The recession could last for a whopping 20 years, John Rosevear of the Motley Fool writes.
Rosevear points out that on Dec. 29, 1989, the Nikkei 225, Japan's benchmark stock index, reached a high of 38,957. However, on December 3, 2009, it closed at 9,977.67, a startling 74% decrease.
He predicts that the US will follow the same fate because of “excessive asset expansion,” weak corporate governance and the bank crisis.
“The Japanese government's response to the crisis was very different from that of the United States. In a nutshell, it was several years before its government did much of anything, and what it finally did do was arguably too little, too late. But at the same time, it's hard to argue with this: In the past decade, the S&P 500 index is down more than 20%. It's a disturbing parallel to ponder, especially for those of us worried about our retirement portfolios,” he said.
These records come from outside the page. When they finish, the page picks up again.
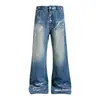 Pantalones acampanados de mezclilla con salpicaduras de graffiti desgastado para hombre, marca de moda de alta calle, lavados y desgastados con bordes deshilachados, pantalones holgados de pierna ancha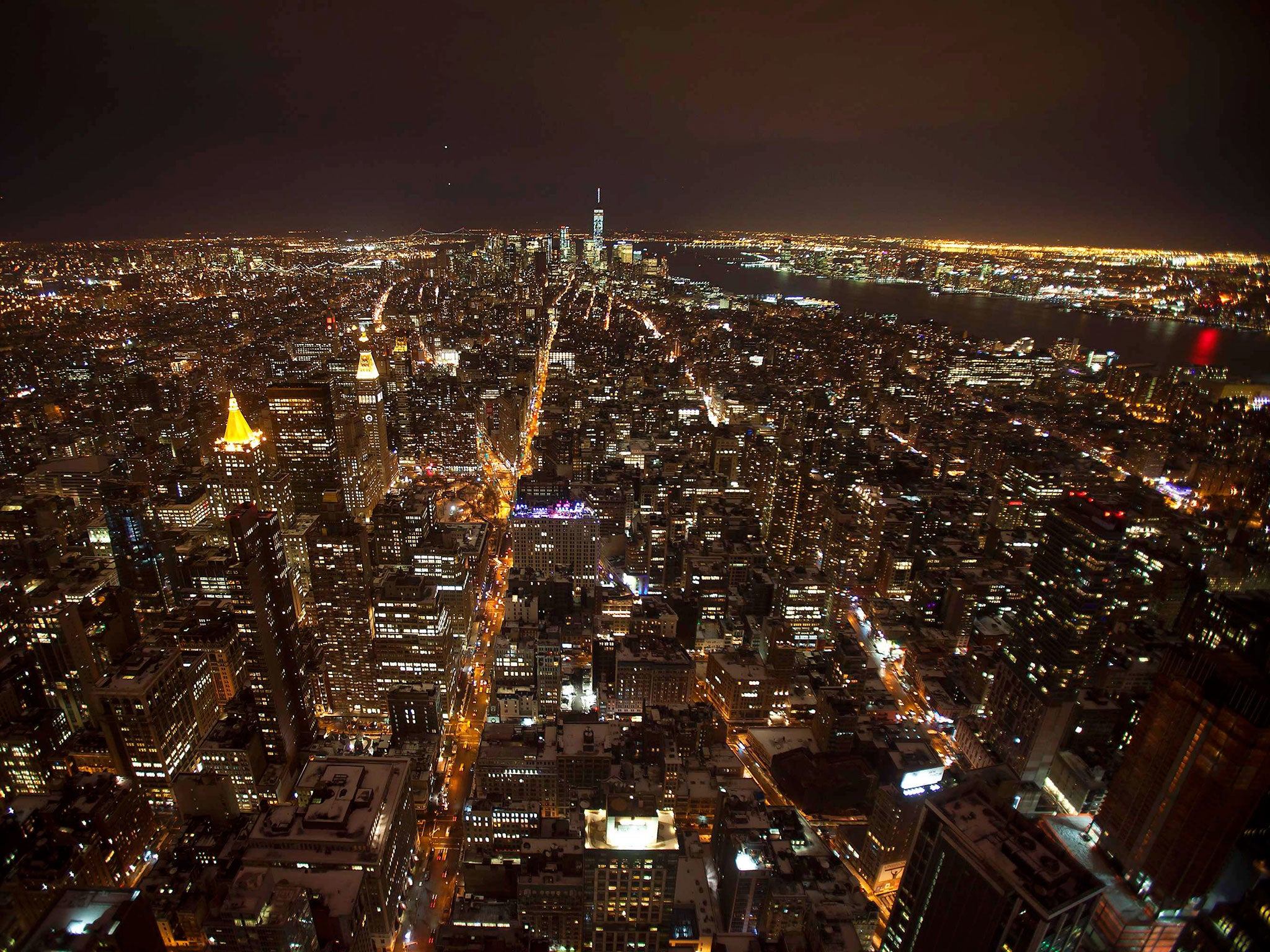 Downtown Manhattan and the One World Trade building are seen from the observation level of the Empire State Building in the Manhattan borough of New York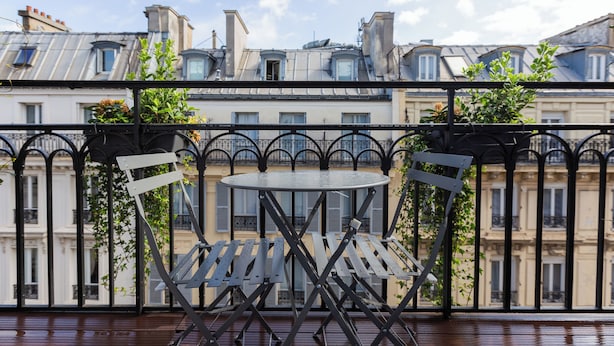 A balcony with a round table and two chairs, overlooking a row of buildings with balconies. - New Hotel République (Paris)
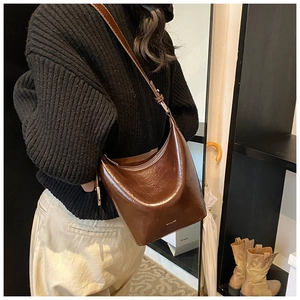 Detailed view of dark brown glossy leather hobo bag with subtle NO FILTER branding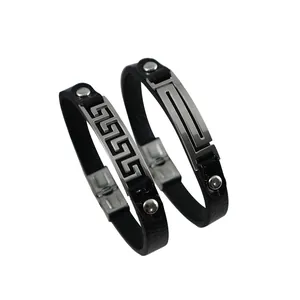 Pair of black leather bracelets with stainless steel Greek key and geometric designs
With the unemployment rate at 10 percent, some experts are predicting the recession could end by the middle of next year, Bloomberg reported.
Harvard University professor Jeffrey Frankel, a member of the National Bureau of Economic Research’s Business Cycle Dating Committee, said the recession could end by the middle of 2010.
“Mid-summer remains the best candidate for ultimate dating of the trough, probably July, or possibly June,” he said.
Robert Hall, who heads the National Bureau of Economic Research’s Business Cycle Dating Committee, said the economy could be affected by another downturn.
He said the current estimates “presume that there won’t be any new adverse shock. “There are some horror-story scenarios that could stand in the way, so I don’t see the point of forecasting. We just wait until we are ready.”